DNA sequence from 50 nt upstream to 10 nt downstream of the determined TSSs were extracted and analyzed by MEME version 4.11.1 to find -10 and -35 element (p-value cutoff = 0.05, MEME).

Hierarchical Clustering

Genes were clustered according to their expression patterns using hierarchical clustering method. Log2Fold-change values were used. After clustering, genes related with euclidean distance less than 2.5 were determined as a gene cluster.

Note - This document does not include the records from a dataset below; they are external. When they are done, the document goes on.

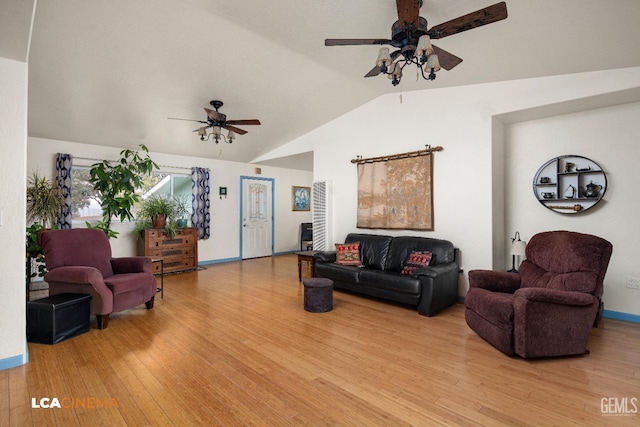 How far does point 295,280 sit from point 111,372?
3268 millimetres

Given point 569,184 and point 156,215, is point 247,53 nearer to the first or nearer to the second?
point 156,215

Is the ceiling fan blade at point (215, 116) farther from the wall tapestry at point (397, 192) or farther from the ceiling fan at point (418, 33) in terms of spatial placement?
the wall tapestry at point (397, 192)

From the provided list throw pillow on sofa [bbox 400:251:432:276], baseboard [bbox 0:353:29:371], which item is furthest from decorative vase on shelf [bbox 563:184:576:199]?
baseboard [bbox 0:353:29:371]

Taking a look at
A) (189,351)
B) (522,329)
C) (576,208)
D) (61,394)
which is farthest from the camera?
(576,208)

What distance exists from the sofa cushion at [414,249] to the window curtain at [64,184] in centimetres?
529

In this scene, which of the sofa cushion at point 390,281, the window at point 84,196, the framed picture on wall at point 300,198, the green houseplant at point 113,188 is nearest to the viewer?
the sofa cushion at point 390,281

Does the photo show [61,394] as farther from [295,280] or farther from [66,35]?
[295,280]

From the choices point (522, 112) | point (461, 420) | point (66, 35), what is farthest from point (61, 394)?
point (522, 112)

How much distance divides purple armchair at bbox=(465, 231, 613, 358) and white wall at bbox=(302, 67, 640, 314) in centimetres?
105

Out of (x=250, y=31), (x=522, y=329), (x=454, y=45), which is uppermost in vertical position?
(x=250, y=31)

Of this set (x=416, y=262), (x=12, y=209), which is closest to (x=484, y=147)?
(x=416, y=262)

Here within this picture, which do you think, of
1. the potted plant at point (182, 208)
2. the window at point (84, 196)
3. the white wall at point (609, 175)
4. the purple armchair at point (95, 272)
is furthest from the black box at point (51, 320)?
the white wall at point (609, 175)

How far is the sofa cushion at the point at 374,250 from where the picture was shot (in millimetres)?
4617

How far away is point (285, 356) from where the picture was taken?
261 centimetres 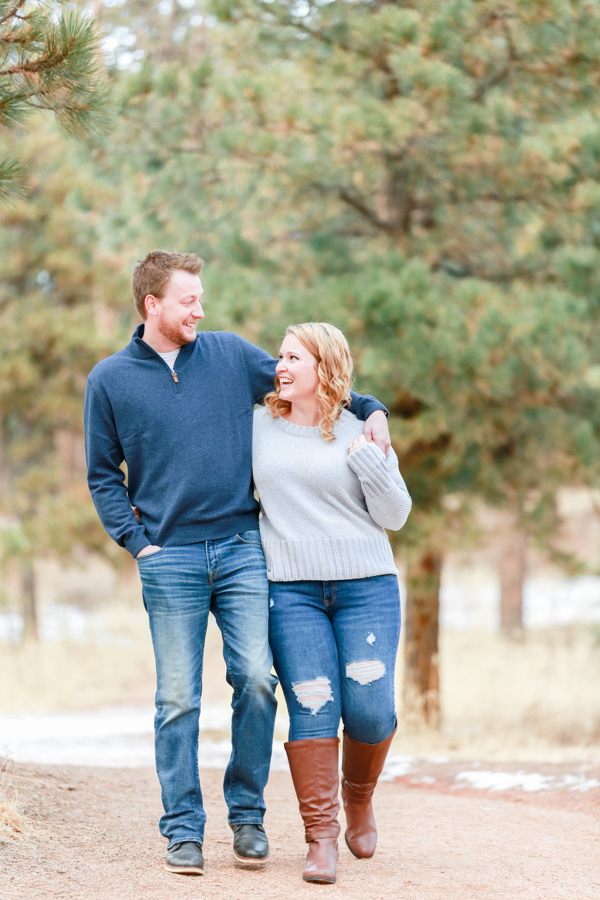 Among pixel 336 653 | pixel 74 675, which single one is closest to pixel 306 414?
pixel 336 653

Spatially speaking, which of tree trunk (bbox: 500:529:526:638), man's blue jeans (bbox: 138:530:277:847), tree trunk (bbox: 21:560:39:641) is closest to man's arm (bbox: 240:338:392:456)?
A: man's blue jeans (bbox: 138:530:277:847)

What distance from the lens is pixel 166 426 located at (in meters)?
2.95

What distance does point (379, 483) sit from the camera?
116 inches

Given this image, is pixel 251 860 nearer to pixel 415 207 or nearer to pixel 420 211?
pixel 415 207

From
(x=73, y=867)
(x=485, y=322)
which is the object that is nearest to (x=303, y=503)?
(x=73, y=867)

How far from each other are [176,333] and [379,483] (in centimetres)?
83

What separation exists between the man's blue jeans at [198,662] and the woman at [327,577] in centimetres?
9

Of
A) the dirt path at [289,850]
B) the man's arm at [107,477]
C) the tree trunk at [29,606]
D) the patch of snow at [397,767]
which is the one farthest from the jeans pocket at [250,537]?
the tree trunk at [29,606]

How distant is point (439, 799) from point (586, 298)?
339 cm

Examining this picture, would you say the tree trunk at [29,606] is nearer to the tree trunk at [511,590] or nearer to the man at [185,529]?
the tree trunk at [511,590]

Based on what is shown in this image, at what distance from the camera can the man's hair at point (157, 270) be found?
3.01 meters

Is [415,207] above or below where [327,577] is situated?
above

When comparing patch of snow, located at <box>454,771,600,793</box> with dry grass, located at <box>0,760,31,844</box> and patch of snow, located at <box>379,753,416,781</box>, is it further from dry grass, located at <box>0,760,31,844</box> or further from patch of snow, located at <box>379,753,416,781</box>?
dry grass, located at <box>0,760,31,844</box>

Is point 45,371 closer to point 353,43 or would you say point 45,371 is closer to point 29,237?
point 29,237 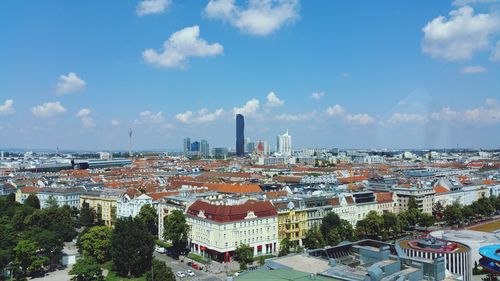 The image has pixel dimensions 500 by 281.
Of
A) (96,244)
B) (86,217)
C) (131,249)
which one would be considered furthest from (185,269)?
(86,217)

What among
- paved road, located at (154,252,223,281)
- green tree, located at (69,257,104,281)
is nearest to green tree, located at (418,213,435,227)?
paved road, located at (154,252,223,281)

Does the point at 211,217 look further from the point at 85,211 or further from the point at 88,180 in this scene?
the point at 88,180

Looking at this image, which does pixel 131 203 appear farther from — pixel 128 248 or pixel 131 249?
pixel 131 249

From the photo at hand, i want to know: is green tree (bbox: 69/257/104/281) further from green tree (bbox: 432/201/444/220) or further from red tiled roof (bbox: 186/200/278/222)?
green tree (bbox: 432/201/444/220)

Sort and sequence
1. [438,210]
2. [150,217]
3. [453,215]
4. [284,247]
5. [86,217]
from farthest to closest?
[438,210], [453,215], [86,217], [150,217], [284,247]

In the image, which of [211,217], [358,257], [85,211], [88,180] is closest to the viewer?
[358,257]

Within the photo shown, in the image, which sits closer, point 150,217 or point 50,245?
point 50,245

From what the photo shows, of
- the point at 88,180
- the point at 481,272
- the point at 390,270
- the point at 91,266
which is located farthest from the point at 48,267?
the point at 88,180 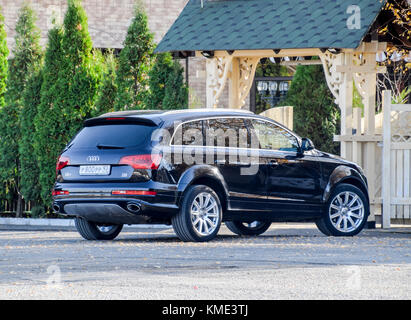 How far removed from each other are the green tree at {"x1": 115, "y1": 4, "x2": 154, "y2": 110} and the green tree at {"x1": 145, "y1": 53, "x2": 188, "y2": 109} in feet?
0.70

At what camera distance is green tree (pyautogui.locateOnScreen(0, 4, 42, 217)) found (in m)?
21.6

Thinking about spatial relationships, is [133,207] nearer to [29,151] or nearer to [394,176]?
[394,176]

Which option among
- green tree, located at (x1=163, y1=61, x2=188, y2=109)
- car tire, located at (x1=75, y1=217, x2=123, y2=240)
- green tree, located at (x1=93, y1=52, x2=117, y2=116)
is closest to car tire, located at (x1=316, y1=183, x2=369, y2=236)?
car tire, located at (x1=75, y1=217, x2=123, y2=240)

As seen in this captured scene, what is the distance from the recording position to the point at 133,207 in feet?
43.7

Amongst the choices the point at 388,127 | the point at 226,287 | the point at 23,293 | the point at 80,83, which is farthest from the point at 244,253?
the point at 80,83

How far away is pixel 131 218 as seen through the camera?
13.5 metres

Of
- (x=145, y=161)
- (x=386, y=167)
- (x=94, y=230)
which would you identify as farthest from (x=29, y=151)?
(x=145, y=161)

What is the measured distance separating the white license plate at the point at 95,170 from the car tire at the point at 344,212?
3.44 metres

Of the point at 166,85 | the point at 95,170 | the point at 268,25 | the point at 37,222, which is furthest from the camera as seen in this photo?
the point at 166,85

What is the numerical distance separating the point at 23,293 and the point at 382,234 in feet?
27.1

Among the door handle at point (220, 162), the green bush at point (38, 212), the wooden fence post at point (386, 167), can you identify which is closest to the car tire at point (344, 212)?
the wooden fence post at point (386, 167)

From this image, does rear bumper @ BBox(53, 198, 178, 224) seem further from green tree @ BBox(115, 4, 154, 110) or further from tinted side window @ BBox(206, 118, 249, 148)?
green tree @ BBox(115, 4, 154, 110)

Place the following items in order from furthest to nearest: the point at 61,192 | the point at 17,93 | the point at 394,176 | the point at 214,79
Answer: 1. the point at 17,93
2. the point at 214,79
3. the point at 394,176
4. the point at 61,192

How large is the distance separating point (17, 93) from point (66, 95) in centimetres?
162
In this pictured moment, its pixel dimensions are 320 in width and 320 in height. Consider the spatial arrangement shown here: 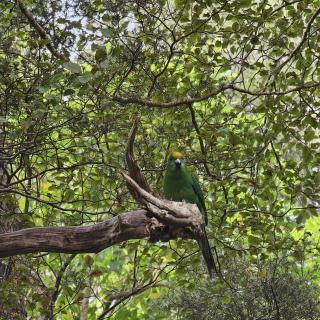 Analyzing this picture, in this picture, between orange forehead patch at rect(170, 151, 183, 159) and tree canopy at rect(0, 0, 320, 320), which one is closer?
tree canopy at rect(0, 0, 320, 320)

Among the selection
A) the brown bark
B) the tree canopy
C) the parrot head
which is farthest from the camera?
the parrot head

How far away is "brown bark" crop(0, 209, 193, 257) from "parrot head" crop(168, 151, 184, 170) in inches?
65.3

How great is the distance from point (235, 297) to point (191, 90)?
7.11 feet

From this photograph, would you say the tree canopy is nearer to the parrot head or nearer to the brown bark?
the parrot head

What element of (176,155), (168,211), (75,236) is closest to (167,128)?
(176,155)

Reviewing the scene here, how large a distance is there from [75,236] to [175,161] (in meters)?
1.87

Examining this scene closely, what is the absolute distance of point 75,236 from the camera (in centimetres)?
278

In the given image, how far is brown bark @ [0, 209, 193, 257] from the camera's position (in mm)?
2764

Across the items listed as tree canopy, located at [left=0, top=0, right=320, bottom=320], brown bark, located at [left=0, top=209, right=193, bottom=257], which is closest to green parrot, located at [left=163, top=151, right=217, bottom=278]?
tree canopy, located at [left=0, top=0, right=320, bottom=320]

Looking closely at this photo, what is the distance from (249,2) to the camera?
3863 mm

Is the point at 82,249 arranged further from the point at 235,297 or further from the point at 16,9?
the point at 235,297

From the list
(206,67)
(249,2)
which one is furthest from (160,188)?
(249,2)

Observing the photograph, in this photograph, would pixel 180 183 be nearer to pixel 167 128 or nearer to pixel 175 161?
pixel 175 161

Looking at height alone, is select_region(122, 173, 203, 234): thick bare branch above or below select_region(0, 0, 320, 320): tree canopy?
below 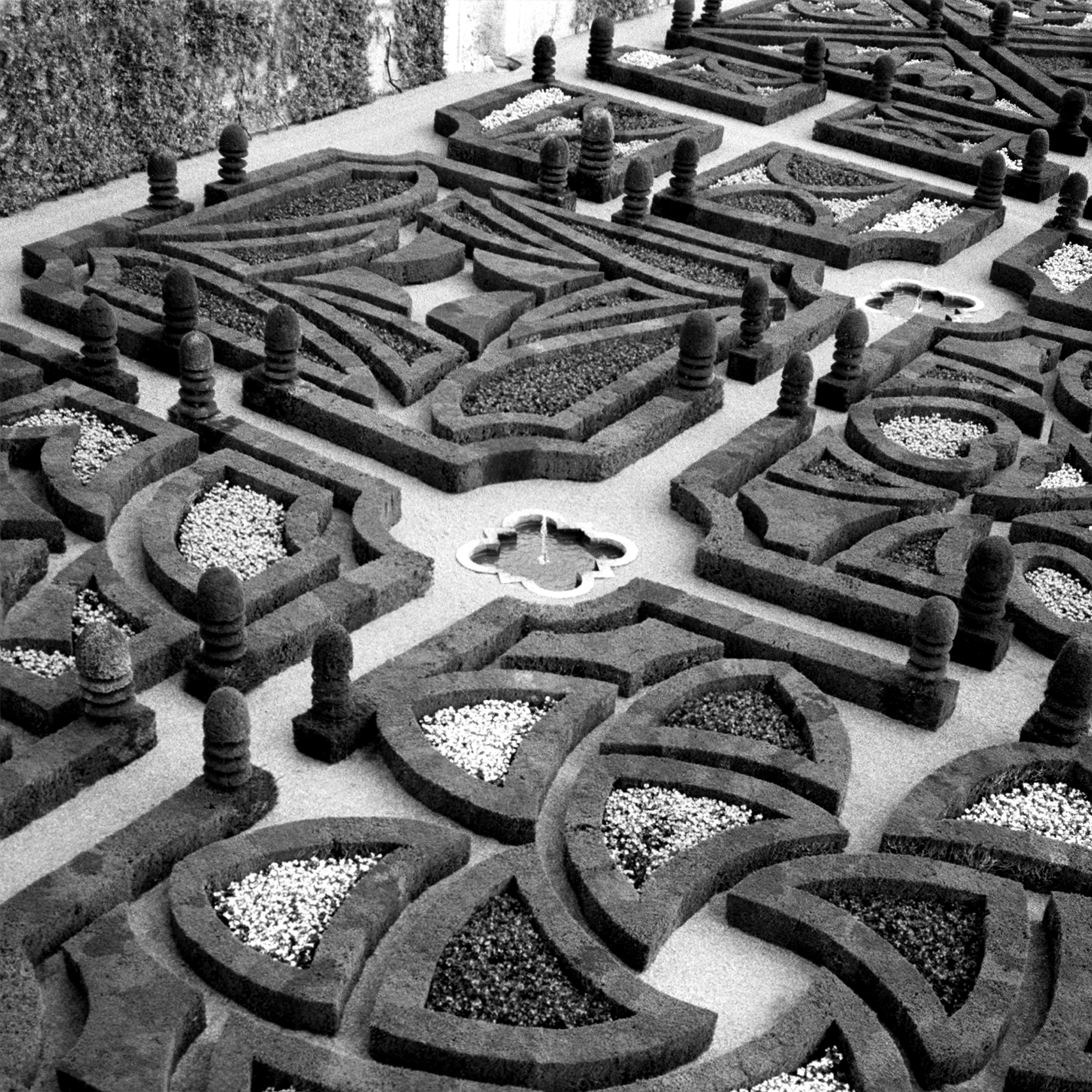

Pathway Enrichment Analysis

Pathway enrichment analysis was done by ClueGO plug-in version 2.2.4 of Cytoscape version 3.3.0. DEGs were used as an input (up and down-regulated DEGs were analyzed separately). GO biological function and KEGG database were used for analysis with following parameters (GO-term fusion was used and terms with less than 4 genes or less than 1% of composing genes were ignored; Kappa (connectivity) score, 0.45; Network style, “significance”).

Data availability

WGS and RNA sequencing data were deposited in the European Nucleotide Archive (accession number PRJEB23980).